Problem background
Today almost every software is built using existing frameworks/APIs. Most of framework libraries often provide a large number of classes and methods. Furthermore, libraries provided by different companies and different organizations follow different styles. Hence it’s always been a burden for the developers to learn new APIs for each new project that they work with. It’s a fact that the best documentation for a framework is the existing code itself. When working with new projects, the developers sometimes get stuck with a particular piece of code and even though they are certain that the other developers might have faced (and solved) the same problem previously, it is really hard to traverse through the entire source code to find out relevant pieces of code.
Full text search over source code isn’t really helping in these kind of situations as the target is to find out code snippets which have a particular set of structural characteristics. For an example a developer may need to search for a code snippet in which an object of particular data type (or several objects) is used and a particular method (or several methods) is called on that object.

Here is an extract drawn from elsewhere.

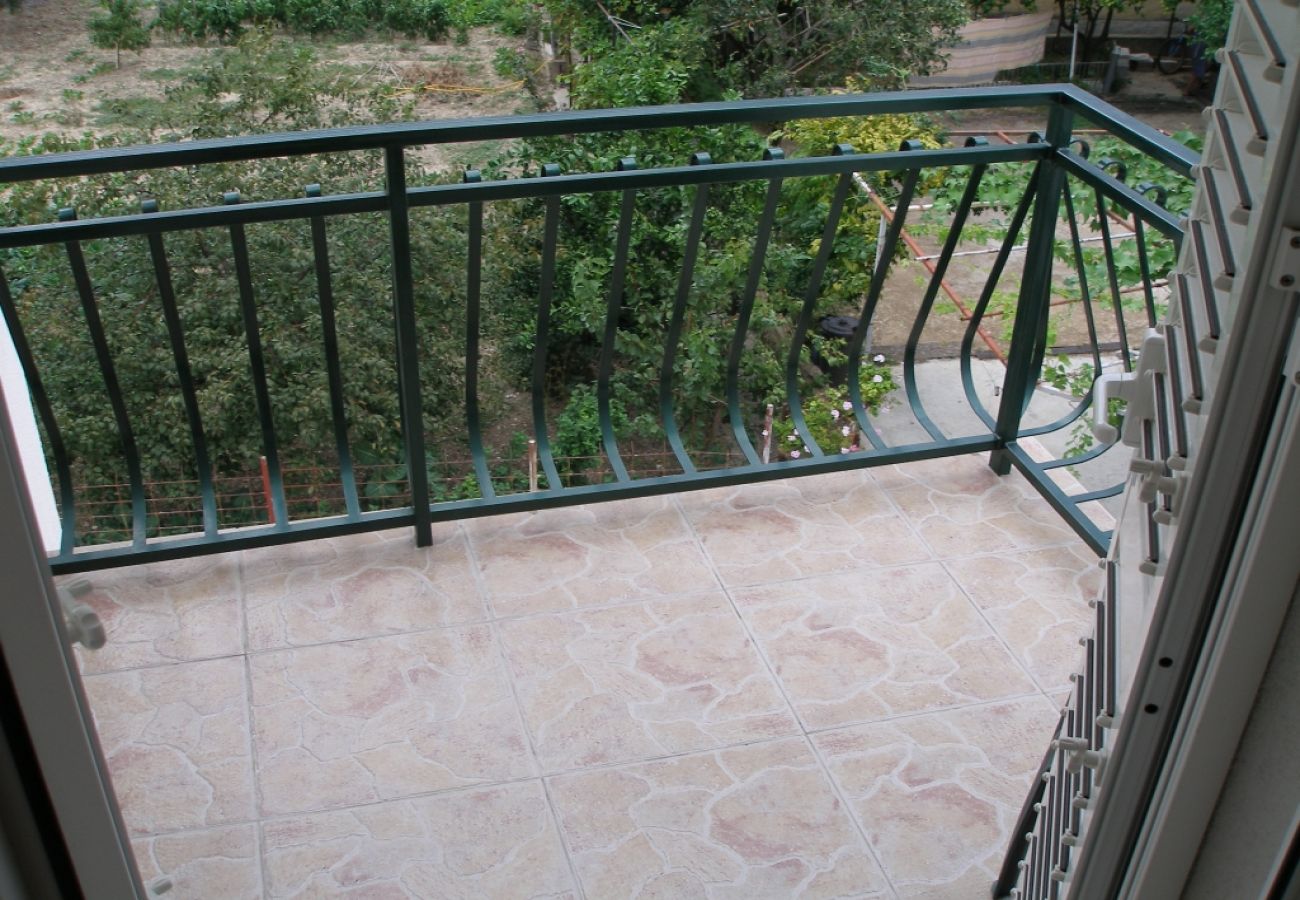 Apartment in Duce - Apartment in Duće with Seaview, Balcony, Air condition (239-2)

A brief description about the Solution
By building an IDE extension which helps developers to easily find out code snippets which are in similar context in which the developer is currently involved in, it is able to increase the framework learning speed of the developer. Since full text search is not enough, the search engine should be able to capture the structural information of source code.
Furthermore it has to be fast enough to provide a comfortable experience to the developer. There should also be a good scoring system for the results so that the most important snippets come up in the list.
A brief description about available Code Search tools for Eclipse IDE
As discussed by (Böhm, 2012) , there are few tools available for Eclipse IDE which provide structural information based search over source code, namely Strathcona, Java Tools Language, Java Development Tools, JQuery ( not the JavaScript Library ) and CodeGenie. With all of them excluding Strathcona, developer has to manually query for data types, method signatures, etc. Some of them have disadvantages such as index is not updated frequently, index is hosted online and someone has to manually update the index, etc.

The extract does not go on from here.